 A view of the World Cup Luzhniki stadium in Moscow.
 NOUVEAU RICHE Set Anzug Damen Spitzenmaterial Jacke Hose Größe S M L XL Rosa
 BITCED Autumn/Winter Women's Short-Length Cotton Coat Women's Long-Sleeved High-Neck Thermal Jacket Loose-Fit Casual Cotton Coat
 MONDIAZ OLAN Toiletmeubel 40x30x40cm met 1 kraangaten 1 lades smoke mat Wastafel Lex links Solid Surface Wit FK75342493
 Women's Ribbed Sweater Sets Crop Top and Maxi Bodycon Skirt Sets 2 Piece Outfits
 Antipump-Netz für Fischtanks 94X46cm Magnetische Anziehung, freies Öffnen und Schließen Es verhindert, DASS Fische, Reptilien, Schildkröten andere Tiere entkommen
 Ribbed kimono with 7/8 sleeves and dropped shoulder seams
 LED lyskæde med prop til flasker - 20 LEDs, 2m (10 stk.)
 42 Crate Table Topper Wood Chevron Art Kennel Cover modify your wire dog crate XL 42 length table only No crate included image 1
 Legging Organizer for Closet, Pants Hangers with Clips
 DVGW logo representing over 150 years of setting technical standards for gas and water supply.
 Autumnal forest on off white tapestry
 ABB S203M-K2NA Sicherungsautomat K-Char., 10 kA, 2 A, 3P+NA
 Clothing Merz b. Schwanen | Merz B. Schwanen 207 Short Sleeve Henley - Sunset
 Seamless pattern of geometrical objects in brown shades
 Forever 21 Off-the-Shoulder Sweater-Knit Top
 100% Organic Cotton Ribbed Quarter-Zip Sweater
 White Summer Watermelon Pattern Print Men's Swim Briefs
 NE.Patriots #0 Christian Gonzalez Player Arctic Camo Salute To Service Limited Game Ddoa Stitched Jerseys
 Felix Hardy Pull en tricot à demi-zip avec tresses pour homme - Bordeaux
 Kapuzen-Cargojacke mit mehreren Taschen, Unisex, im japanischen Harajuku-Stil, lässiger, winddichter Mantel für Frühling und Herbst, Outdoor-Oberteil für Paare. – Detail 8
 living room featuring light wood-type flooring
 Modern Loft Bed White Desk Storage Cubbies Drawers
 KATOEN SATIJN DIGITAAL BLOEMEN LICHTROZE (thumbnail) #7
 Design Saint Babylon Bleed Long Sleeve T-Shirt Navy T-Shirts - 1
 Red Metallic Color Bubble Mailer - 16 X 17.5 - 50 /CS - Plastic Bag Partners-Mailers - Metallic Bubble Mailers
****************************************
> _Task description_
Among the lines above, repeat exactly those from the line with "Clothing Merz b." to the line with "Modern Loft Bed", counting both ends.

> _Exercise output_
 Clothing Merz b. Schwanen | Merz B. Schwanen 207 Short Sleeve Henley - Sunset
 Seamless pattern of geometrical objects in brown shades
 Forever 21 Off-the-Shoulder Sweater-Knit Top
 100% Organic Cotton Ribbed Quarter-Zip Sweater
 White Summer Watermelon Pattern Print Men's Swim Briefs
 NE.Patriots #0 Christian Gonzalez Player Arctic Camo Salute To Service Limited Game Ddoa Stitched Jerseys
 Felix Hardy Pull en tricot à demi-zip avec tresses pour homme - Bordeaux
 Kapuzen-Cargojacke mit mehreren Taschen, Unisex, im japanischen Harajuku-Stil, lässiger, winddichter Mantel für Frühling und Herbst, Outdoor-Oberteil für Paare. – Detail 8
 living room featuring light wood-type flooring
 Modern Loft Bed White Desk Storage Cubbies Drawers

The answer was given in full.